MVPThemes (and any others with this concern),
Not sure if this truly answers your question, but this is the IRS ruling regarding the double 1099 issue, pulled directly from the 1099 instructions:
“Payments made with a credit card or payment card and certain other types of payments, including third party network transactions, must be reported on Form 1099-K by the payment settlement entity under section 6050W and are not subject to reporting on Form 1099-MISC. See the separate Instructions for Form 1099-K.”http://www.irs.gov/instructions/i1099msc/ar02.html
In real human language, this means that unless Envato is paying you by cash or check (which would trigger a 1099-MISC), they have no purpose sending any 1099 to you or the government, and must rely on the “payment settlement entity” (AKA Paypal) to report the earnings via form 1099-K.
If Envato sends you one anyway, then you have to contact them immediately so that they can send a corrected 1099 back to the government.
It is all a hot mess.
frontiersoundfx saidAre you serious? Where is this information? Can the staff please reply to this. I read the tax info and I did not see where it says this. If this is the case, I really do not see how they can get away with this. Its an evasion of taxes on their side. I just don’t believe that. I have a little more trust in Envato.
Instead of Envato claiming 70% of the income and writing off 30%, now they only have to claim 30% and write off the 70%, thus forcing the blunt of the tax liability to be handled on the side of the US authors rather than the company. I suppose its six of one, a half dozen of the other, but it seems like a major disservice to some loyal marketplace authors.
Notice that I modified my quote later because it was not clear. It is not tax evasion, but somebody has to pay. The responsibility is just becoming greater for the author if Envato goes through with the proposed way of doing the 1099s. The individual author becomes responsible for writing off the expenses against gross sales, rather than just paying taxes on the actual earnings.
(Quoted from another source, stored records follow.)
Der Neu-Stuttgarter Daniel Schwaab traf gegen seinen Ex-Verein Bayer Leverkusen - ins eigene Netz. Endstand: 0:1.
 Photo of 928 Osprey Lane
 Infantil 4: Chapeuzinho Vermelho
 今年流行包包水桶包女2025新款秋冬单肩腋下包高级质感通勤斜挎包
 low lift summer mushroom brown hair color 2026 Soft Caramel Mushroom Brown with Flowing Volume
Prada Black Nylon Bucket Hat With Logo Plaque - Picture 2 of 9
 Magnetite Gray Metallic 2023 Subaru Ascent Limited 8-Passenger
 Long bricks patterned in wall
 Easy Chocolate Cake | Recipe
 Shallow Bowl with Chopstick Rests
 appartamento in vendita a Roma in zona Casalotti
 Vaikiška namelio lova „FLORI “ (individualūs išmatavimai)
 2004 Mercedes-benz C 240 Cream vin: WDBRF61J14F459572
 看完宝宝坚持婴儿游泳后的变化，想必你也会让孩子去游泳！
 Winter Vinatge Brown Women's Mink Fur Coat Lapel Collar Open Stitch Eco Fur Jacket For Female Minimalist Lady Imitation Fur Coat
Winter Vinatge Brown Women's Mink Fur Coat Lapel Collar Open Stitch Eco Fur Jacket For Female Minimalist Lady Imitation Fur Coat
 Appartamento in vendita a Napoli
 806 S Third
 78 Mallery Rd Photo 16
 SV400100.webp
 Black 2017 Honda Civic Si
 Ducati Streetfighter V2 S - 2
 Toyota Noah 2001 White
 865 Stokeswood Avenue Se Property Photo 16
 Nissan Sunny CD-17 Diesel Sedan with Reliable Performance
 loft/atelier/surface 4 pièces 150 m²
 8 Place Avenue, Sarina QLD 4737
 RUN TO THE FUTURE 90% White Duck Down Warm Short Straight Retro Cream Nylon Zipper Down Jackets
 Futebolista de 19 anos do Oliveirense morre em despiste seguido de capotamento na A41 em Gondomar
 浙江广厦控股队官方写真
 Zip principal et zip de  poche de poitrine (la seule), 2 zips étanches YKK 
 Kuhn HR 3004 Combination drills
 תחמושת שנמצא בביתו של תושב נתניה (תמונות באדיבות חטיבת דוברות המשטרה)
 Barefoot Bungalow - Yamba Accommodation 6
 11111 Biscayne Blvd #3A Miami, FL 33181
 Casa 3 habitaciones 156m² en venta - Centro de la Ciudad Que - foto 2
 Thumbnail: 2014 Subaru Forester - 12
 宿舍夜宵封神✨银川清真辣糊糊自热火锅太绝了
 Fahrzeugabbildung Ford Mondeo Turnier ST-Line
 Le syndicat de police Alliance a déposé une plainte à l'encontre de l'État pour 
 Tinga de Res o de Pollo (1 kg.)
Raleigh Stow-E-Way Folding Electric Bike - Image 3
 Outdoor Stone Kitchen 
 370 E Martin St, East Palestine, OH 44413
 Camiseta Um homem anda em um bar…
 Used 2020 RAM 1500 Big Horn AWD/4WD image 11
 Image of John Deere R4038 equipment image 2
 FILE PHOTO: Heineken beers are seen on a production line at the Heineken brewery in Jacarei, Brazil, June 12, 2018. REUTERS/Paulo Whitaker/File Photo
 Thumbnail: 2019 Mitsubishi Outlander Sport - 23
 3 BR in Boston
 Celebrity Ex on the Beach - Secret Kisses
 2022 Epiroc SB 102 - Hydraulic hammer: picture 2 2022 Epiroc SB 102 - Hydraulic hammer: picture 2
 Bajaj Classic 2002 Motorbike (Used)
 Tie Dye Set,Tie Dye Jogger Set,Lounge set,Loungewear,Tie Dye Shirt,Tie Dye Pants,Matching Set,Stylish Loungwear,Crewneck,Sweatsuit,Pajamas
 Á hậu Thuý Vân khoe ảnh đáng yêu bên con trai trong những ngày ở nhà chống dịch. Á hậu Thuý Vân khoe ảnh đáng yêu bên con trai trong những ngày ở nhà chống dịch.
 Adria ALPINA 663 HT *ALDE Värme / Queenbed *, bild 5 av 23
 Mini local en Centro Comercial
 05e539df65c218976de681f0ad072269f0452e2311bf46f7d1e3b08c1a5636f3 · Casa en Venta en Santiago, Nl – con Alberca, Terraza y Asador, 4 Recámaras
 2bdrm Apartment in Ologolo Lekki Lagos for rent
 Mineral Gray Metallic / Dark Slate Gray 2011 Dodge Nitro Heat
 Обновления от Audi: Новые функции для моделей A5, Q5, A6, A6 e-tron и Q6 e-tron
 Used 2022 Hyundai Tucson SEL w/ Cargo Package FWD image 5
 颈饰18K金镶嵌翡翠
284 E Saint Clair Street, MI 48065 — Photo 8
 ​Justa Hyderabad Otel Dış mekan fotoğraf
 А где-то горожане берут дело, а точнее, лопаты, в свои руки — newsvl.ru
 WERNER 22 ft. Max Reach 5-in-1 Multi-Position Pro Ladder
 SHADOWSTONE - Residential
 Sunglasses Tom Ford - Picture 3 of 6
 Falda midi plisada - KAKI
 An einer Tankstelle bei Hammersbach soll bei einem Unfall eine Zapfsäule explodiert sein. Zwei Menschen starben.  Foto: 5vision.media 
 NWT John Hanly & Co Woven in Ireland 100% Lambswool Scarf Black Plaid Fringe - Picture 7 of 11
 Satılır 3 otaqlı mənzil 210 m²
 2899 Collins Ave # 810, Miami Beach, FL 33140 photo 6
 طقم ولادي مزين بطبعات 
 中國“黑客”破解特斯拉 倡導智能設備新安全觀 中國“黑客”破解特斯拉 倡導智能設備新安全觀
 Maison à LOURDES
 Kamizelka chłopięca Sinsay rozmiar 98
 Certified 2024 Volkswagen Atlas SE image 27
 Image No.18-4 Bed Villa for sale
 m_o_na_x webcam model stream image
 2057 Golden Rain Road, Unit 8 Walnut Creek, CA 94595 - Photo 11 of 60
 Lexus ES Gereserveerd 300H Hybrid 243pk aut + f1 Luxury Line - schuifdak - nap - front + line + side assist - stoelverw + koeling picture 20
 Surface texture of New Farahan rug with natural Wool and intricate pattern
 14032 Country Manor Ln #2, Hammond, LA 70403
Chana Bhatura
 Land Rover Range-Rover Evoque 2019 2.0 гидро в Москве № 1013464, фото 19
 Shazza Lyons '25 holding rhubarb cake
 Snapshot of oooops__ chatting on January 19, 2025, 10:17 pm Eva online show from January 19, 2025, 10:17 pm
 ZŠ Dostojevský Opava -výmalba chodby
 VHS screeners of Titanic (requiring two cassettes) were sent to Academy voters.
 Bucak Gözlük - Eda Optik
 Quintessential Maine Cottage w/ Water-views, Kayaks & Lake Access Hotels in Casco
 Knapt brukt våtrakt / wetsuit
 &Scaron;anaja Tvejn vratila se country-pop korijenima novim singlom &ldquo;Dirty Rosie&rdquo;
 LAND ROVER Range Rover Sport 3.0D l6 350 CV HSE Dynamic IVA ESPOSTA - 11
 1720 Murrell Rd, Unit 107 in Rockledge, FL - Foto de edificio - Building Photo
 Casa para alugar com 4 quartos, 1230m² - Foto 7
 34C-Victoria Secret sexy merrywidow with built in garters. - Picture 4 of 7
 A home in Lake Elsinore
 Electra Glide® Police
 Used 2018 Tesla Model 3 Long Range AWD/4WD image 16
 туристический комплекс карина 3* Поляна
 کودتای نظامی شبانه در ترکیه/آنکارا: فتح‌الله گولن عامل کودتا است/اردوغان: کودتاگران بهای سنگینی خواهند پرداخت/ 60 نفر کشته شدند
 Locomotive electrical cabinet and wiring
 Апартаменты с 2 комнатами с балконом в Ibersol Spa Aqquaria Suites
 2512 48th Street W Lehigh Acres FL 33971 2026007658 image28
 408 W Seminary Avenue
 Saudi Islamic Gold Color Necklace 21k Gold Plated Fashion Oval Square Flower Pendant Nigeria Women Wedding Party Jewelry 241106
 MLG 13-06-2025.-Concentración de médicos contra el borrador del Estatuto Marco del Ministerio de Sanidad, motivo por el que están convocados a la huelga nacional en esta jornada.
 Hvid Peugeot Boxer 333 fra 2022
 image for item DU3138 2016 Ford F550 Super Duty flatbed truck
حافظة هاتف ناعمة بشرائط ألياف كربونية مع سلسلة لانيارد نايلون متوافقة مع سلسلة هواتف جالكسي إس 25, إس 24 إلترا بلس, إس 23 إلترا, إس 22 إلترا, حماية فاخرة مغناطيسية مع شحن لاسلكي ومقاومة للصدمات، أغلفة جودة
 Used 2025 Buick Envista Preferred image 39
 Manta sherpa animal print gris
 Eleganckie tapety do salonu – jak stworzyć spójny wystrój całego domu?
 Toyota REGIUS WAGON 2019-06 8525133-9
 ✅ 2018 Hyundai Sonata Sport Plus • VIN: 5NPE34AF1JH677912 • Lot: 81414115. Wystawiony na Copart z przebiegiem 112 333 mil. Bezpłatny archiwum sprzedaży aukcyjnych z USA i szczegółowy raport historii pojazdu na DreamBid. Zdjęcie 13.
It seems to me that Envato is doing some clever accounting to force the blunt of the tax liability on the shoulders of the US authors rather than the company. I suppose its six of one, a half dozen of the other (if you know enough to deduct the expenses properly), but it seems like a major disservice to some loyal marketplace authors.
More than a passing hobby for me, but less than a real job? I don’t bother to keep track of the hours since I view it as more of a creative release than work, but the benefits of passive income for a freelance designer is causing me to further develop the business. It is nice to give new life to some of my older material too, rather than just have it sit around on a hard drive.